#Gaza crisis: Shejaiya assault defines grimmest day :::: ''Two patients were killed in their beds'' :::: #Gazaconflict: Five dead at hospital hit by# Israeli strike :::: #HumanRight
22 july 2014
Gaza: ''Two patients were killed in their beds''
Every day, the rockets kept soaring in a trail of white vapour out of Gaza and Israeli air strikes pounded this blighted sliver of land along the Mediterranean.

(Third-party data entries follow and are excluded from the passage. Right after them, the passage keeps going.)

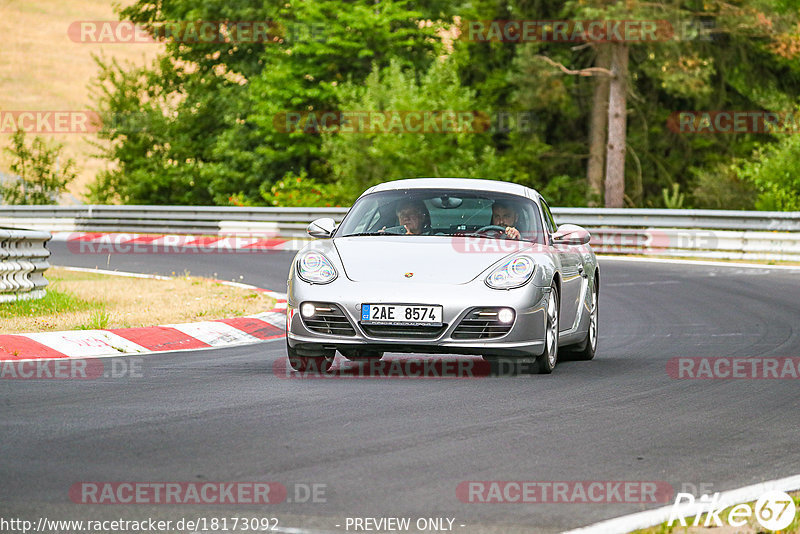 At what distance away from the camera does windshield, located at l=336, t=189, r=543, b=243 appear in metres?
10.1

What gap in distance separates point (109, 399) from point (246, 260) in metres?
16.0

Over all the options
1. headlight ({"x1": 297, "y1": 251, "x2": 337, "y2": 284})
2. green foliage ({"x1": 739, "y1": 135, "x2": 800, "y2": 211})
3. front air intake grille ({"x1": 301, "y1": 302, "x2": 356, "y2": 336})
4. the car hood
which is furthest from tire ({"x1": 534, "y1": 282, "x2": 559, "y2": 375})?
green foliage ({"x1": 739, "y1": 135, "x2": 800, "y2": 211})

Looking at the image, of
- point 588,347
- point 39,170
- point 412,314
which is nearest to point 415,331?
point 412,314

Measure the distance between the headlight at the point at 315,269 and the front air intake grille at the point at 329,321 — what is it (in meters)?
0.20

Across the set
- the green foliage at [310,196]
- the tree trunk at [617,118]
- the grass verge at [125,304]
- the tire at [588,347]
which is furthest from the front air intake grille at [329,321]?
the tree trunk at [617,118]

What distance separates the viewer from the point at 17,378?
8.69 meters

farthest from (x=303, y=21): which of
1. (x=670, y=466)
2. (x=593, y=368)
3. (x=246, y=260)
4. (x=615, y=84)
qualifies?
(x=670, y=466)

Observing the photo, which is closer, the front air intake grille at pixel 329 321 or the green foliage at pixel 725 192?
the front air intake grille at pixel 329 321

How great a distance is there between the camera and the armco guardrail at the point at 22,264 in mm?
12680

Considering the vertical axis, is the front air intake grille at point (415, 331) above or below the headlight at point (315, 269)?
below

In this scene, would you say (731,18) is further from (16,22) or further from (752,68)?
(16,22)

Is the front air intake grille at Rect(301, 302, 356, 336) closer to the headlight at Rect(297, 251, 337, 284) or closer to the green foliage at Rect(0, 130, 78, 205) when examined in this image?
the headlight at Rect(297, 251, 337, 284)

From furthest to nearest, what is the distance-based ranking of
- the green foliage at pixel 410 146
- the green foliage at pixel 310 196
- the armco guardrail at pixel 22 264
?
Answer: the green foliage at pixel 410 146 < the green foliage at pixel 310 196 < the armco guardrail at pixel 22 264

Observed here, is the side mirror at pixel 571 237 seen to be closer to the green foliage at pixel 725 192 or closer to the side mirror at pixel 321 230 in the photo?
the side mirror at pixel 321 230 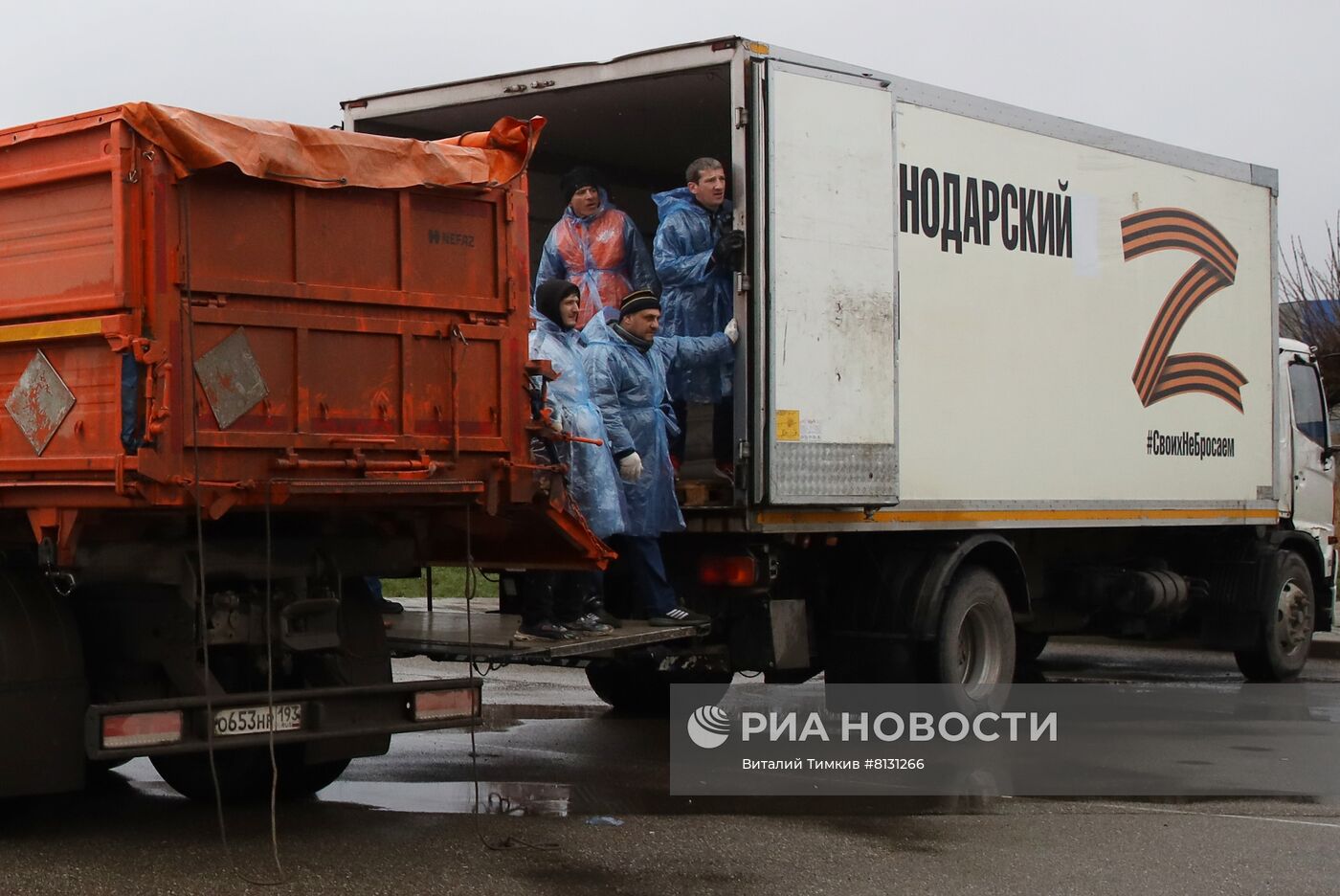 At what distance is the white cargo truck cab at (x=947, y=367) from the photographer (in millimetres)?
8922

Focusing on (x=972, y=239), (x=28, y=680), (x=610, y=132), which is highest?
(x=610, y=132)

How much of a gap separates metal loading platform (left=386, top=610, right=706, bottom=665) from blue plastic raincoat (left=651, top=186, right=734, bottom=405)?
132 centimetres

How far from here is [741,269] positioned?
8.80 m

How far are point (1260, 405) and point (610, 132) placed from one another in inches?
210

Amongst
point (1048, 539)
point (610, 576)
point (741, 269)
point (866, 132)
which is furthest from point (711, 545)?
point (1048, 539)

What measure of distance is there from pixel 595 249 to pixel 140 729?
15.1ft

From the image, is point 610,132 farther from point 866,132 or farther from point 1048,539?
point 1048,539

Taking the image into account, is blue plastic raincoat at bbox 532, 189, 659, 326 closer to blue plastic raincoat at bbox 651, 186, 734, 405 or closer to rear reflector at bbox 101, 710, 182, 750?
blue plastic raincoat at bbox 651, 186, 734, 405

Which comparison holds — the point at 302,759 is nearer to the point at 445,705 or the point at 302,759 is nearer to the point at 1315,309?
the point at 445,705

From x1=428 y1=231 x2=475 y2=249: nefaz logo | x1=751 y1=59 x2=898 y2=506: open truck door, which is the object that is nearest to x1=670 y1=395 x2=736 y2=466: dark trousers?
x1=751 y1=59 x2=898 y2=506: open truck door

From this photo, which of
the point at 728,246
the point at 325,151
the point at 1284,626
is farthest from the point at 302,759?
the point at 1284,626

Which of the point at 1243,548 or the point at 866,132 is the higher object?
the point at 866,132

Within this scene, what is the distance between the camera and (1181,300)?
11.9 meters

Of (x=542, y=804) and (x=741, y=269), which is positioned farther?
(x=741, y=269) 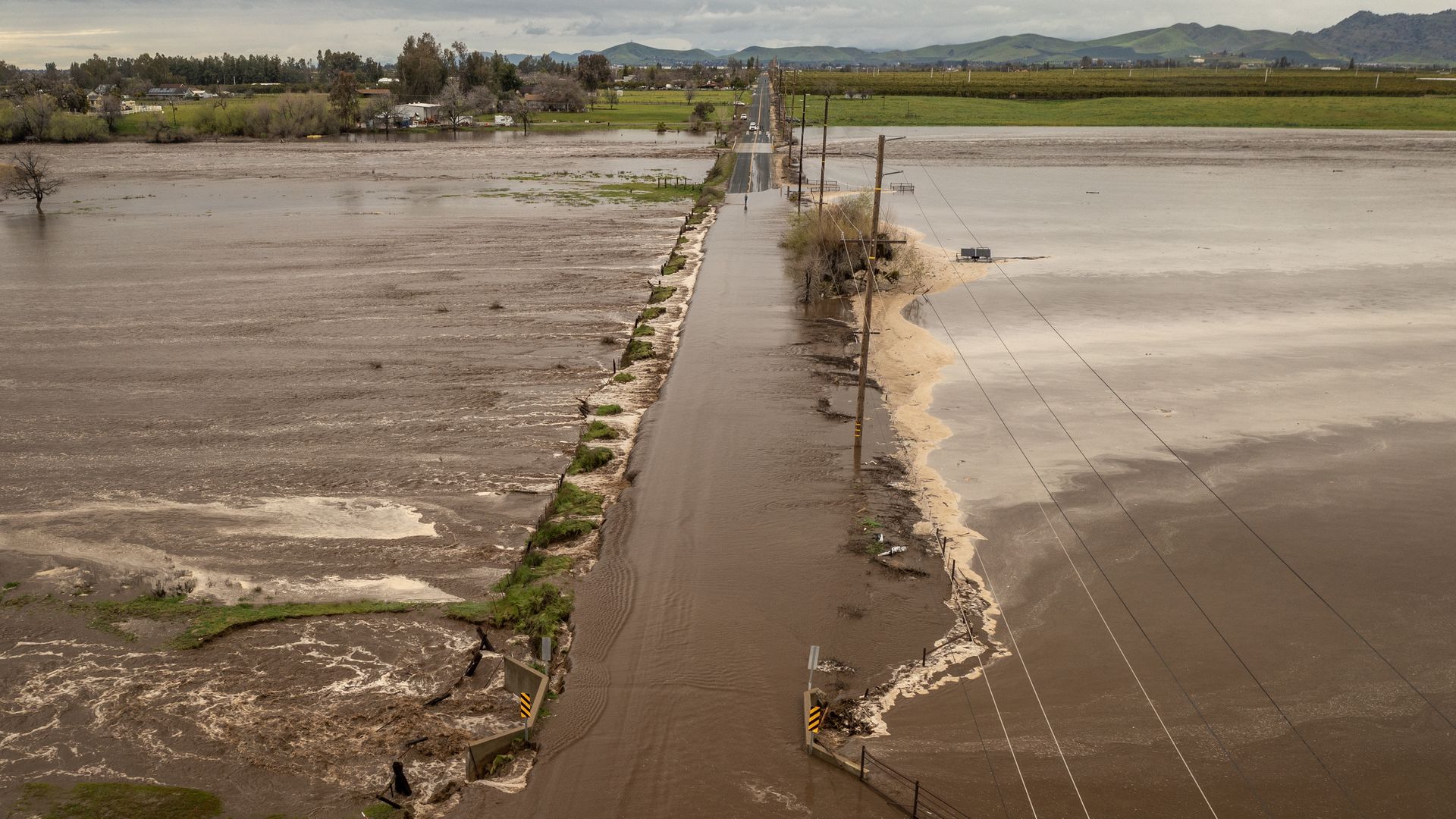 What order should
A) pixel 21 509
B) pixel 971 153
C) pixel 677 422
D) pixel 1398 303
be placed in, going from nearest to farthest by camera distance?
pixel 21 509 → pixel 677 422 → pixel 1398 303 → pixel 971 153

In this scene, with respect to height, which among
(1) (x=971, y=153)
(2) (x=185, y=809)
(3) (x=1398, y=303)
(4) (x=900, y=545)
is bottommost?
(2) (x=185, y=809)

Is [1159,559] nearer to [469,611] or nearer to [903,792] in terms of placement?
[903,792]

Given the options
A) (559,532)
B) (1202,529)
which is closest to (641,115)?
(559,532)

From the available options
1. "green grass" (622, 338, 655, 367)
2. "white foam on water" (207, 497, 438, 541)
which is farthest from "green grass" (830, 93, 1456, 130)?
"white foam on water" (207, 497, 438, 541)

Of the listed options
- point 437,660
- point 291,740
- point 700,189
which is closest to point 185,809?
point 291,740

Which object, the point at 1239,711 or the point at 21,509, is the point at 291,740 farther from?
the point at 1239,711

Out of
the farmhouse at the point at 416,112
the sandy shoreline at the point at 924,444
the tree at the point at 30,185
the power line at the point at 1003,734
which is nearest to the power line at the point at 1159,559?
the sandy shoreline at the point at 924,444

Then came the ground offensive which intensified Israel's campaign. Then came Shejaiya.
Israel's assault on a densely populated neighborhood brought the greatest fighting and the grimmest news in this, the third Gaza conflagration in just six years.
Gaza's list of the dead crossed 500 and keeps climbing, according to figures from the health ministry here. The UN says the vast majority are civilians; many are children.
Israel's casualty toll was much lower. But confirmation that 13 soldiers were killed in the fight caused grief in a country where everyone serves in the army.
Israel said its troops met "a huge level of resistance" as they moved in to destroy "extensive tunnelling" underground, and the infrastructure for what it calculates as 10% of the rockets being fired into Israel.
In Shejaiya we saw Hamas spotters taking up positions on empty streets, talking into telephones and walkie-talkies as they maintained a lookout.
Colleagues who arrived later in the day saw gunmen with black balaclavas and concealed weapons moving through the neighbourhood. And journalists and medics got caught in crossfire when a two-hour humanitarian truce was shattered in minutes.
'Where do we go?' As Israel digs in deeper, the fighting intensifies.
For many days now, Israel's Operation Protective Edge had almost seemed to be a ghost war. In areas we were able to reach, Hamas fighters had only been visible by the rockets they fired, and through defiant messages on their TV and radio networks.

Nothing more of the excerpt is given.